Nun gut, ich gebe es zu: Aus mir spricht Ernüchterung. Als ich tags darauf ins Büro komme, ist alles beim Alten. Es ist, als hätte es das Weihnachtswunder nur im Traum gegeben. Draußen ist schon von Weitem ein Empfangskonzert aus Presslufthammern und Kreissägen zu hören. Drinnen steht die gewohnte Kombination aus Slalom- und Hindernislauf zwischen rot-weißem Flatterband über Werkzeuge und Farbeimer an.

Der Brunnen ist schon wieder trockengelegt, eine matte Schicht aus Staub legt sich darüber. Damit teilt er das Schicksal des Pools, der sich im Keller des Gebäudes befindet. Er ist seit Jahren gesperrt. Die Regionalregierung hat seit Langem den Auftrag, ihn renovieren zu lassen. Sie zahlt aber lieber Strafen, statt dem nachzukommen. Neuester Plan: eine Renovierung bis 2025.

Weihnachtsstimmung am Arbeitsplatz kommt da nicht auf.
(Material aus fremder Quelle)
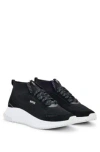Hugo Boss Mid-top Sock Trainers With Fishbone Sole In Black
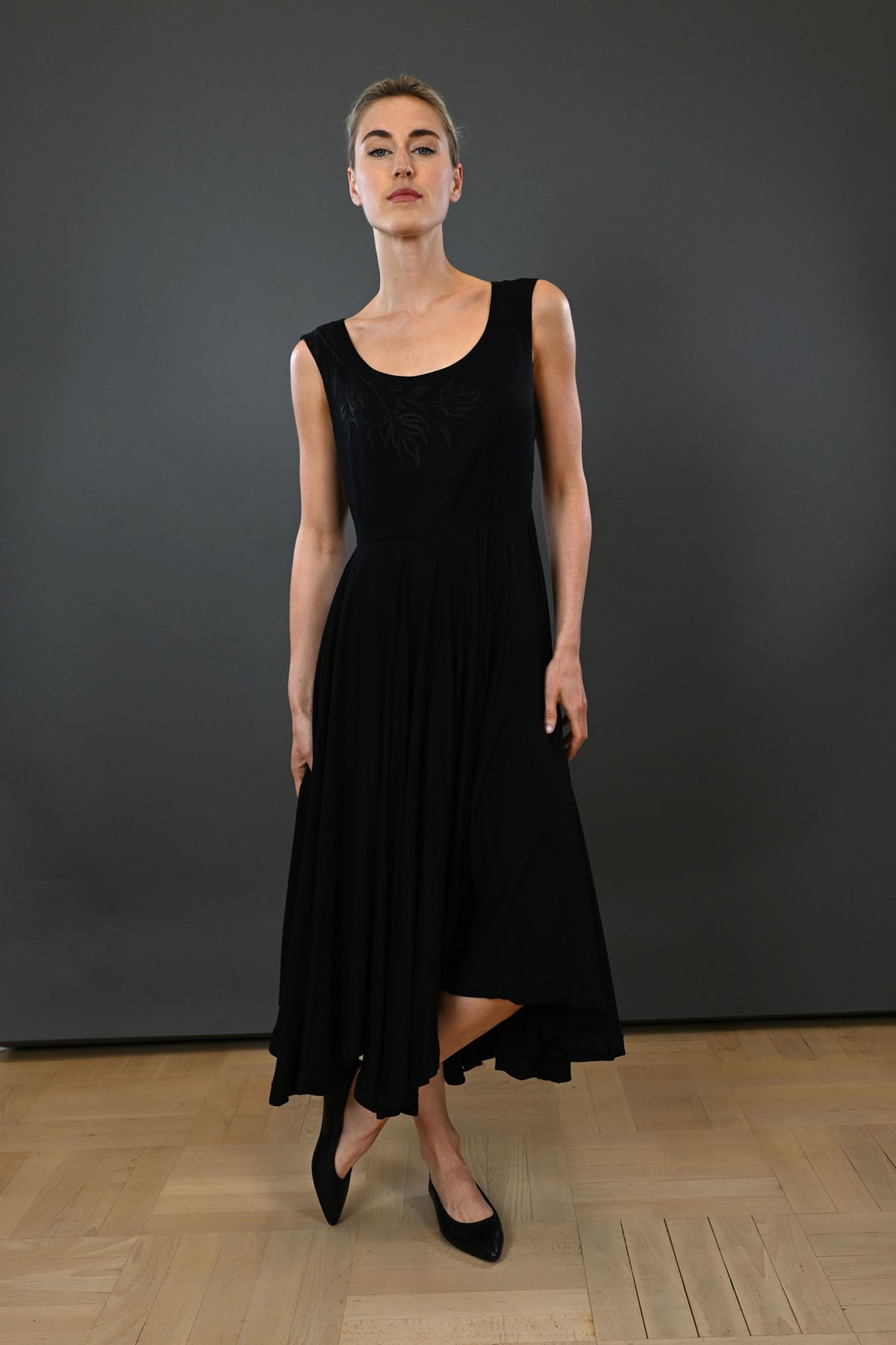 Embroidered Dress with a Double-Circle Skirt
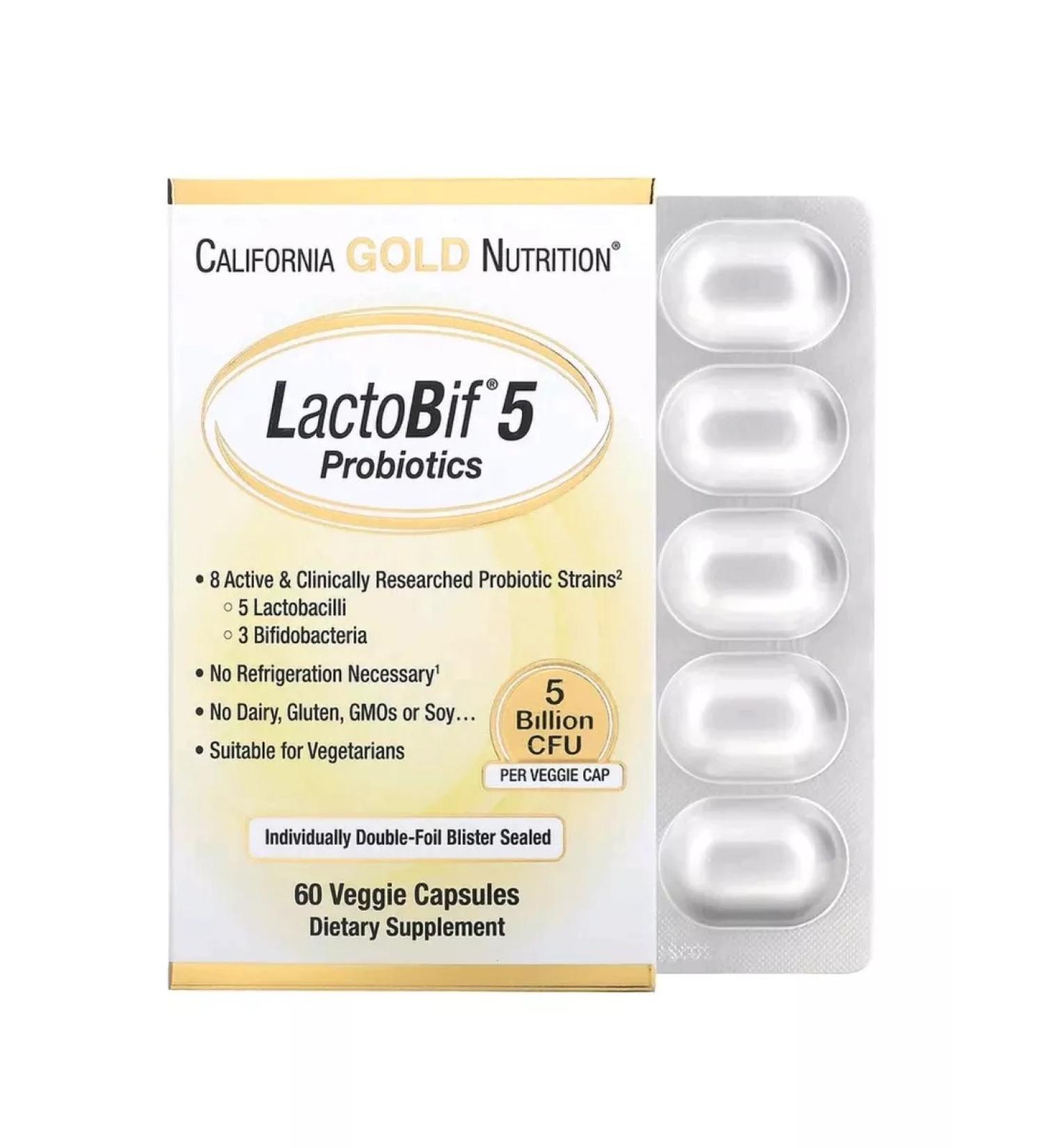 California Gold Nutrition Probiotics lactobil 5 billion KOE 60 capsules - Buy Online on GoSupps.com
In der Stadt dafür umso mehr. Vielerorts hängen Lichterketten in den Bäumen. Hell erleuchtete Lichtbögen in verschiedensten Formen und Farben sind über die Straßen gespannt. Luftballons blinken bunt. Es lässt sich schwer ausmachen, ob sie Kindern gehören oder Fremdenführern, die auch im Advent Massen von Besuchern die Stadt zeigen.

Glühbier aus Belgien

Auf dem Grote Markt im Zentrum der historischen Altstadt werfen Beamer und LEDs in der Dämmerung aufwendige Lichtshows auf die Fassaden der ehemaligen Zunfthäuser. Von dort schieben sich die Menschen weiter auf die umliegenden Weihnachtsmärkte. Die Dächer der Buden sind mit weißem Stoff überzogen, bei Temperaturen um die 10 Grad und Dauerregen leider die einzige Illusion von weißer Weihnacht.

Kulinarisch beeindrucken Gäste aus Kanada die Fritten-Nation Belgien: Sie servieren Pommes mit Bratensauce und Käsewürfeln, eines ihrer Nationalgerichte. Die Einheimischen halten mit ihrer eigenen fragwürdigen Spezialität dagegen: Glühbier.